However, the existing screen printing process is too dependent on the production experience of operators, and a normalized and digitalized production flow is not formed, so that the quality and the precision of the screen printing process are difficult to be ensured to be in the same standard; meanwhile, in the screen printing process, the UV ink is adopted to form an ink printing layer on a printing stock, so that the ink printing layer on a printed matter is yellowed under the irradiation of natural light, and the yellowing resistance of the printed matter is poor; in addition, the existing UV ink has weak acting force with the printing stock, so that the adhesive force of the ink printing layer on the printing stock is poor, the surface wear resistance is poor, and the ink printing layer is easy to fall off after long-term use or when the printed matter is stressed and bent.

Disclosure of Invention

In order to solve the problems in the background art, the invention aims to provide a screen printing process which is simple, remarkably improved and stable in printing quality, uniform in coloring of an ink printing layer on a printed matter, strong in adhesive force and good in wear resistance.
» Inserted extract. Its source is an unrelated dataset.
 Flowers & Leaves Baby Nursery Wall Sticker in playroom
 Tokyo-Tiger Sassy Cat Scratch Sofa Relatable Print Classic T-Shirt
In order to achieve the purpose, the invention adopts the following technical scheme:

the invention provides a screen printing process, which comprises the following steps:

s1, selecting a silk screen, wherein the silk screen can be a polyester silk screen, a nylon silk screen, a polyester silk screen or a stainless steel silk screen, the mesh number of the silk screen is 240 meshes and 300 meshes, the thickness of the silk screen is 6-10mm, cleaning and removing impurities from the silk screen, and then drying the silk screen;

s2, stretching the processed silk screen by using a manual or stretching machine, fixing the silk screen on a screen frame through adhesive glue after the silk screen is stretched, wherein the screen frame is a rectangular hollow aluminum screen frame, sticking the silk screen around the outside of the screen frame at the sharp end after the adhesive glue is dried, then sticking a single-sided adhesive tape on the part where the silk screen is bonded with the screen frame, and cleaning and drying the silk screen again;

s3, coating photosensitive glue on the silk screen, and then drying the silk screen by using a silk screen drying lamp, wherein the time for drying the silk screen is controlled to be 18-24 h; wherein the photosensitive emulsion comprises 30-35% of heavy complex acid salt and 65-70% of gelatin by mass;

s4, then, putting the screen into pure water containing a developer at the temperature of 30-40 ℃ for developing, and after the patterns are completely presented, washing and drying the screen by using clean water to obtain a screen printing plate; the developing agent adopts a bathophenanthroline reagent with the mass fraction of 15-20%;

s5, installing the screen printing plate into a screen printing device, adding ultraviolet curing ink for printing, and forming an ink layer on a printing stock;

the ultraviolet curing ink comprises the following components in parts by mass: 20-30 parts of polyester acrylic resin, 10-20 parts of aldehyde ketone resin, 5-10 parts of lauric acid modified epoxy acrylic resin, 5-10 parts of trihydroxy methyl propane triacrylate, 0.5-1.5 parts of 2, 4, 6-trimethylbenzoyl-diphenyl phosphine oxide, 0.1-1 part of poly [ 2-hydroxy-2-methyl-1- [4- (1-methylvinyl) phenyl ] acetone ], 10-15 parts of active diluent, 1-3 parts of additive, 1-2 parts of pigment and 15-30 parts of ethanol;

s6, performing plate burning treatment by adopting an ultraviolet cold light lamp in an environment of 35-45 ℃, wherein the plate burning time is 3-5min, and the ink layer on the printing stock is cured and formed to form an ink printing layer;

and S7, taking out the printed finished product, and naturally cooling and forming at room temperature.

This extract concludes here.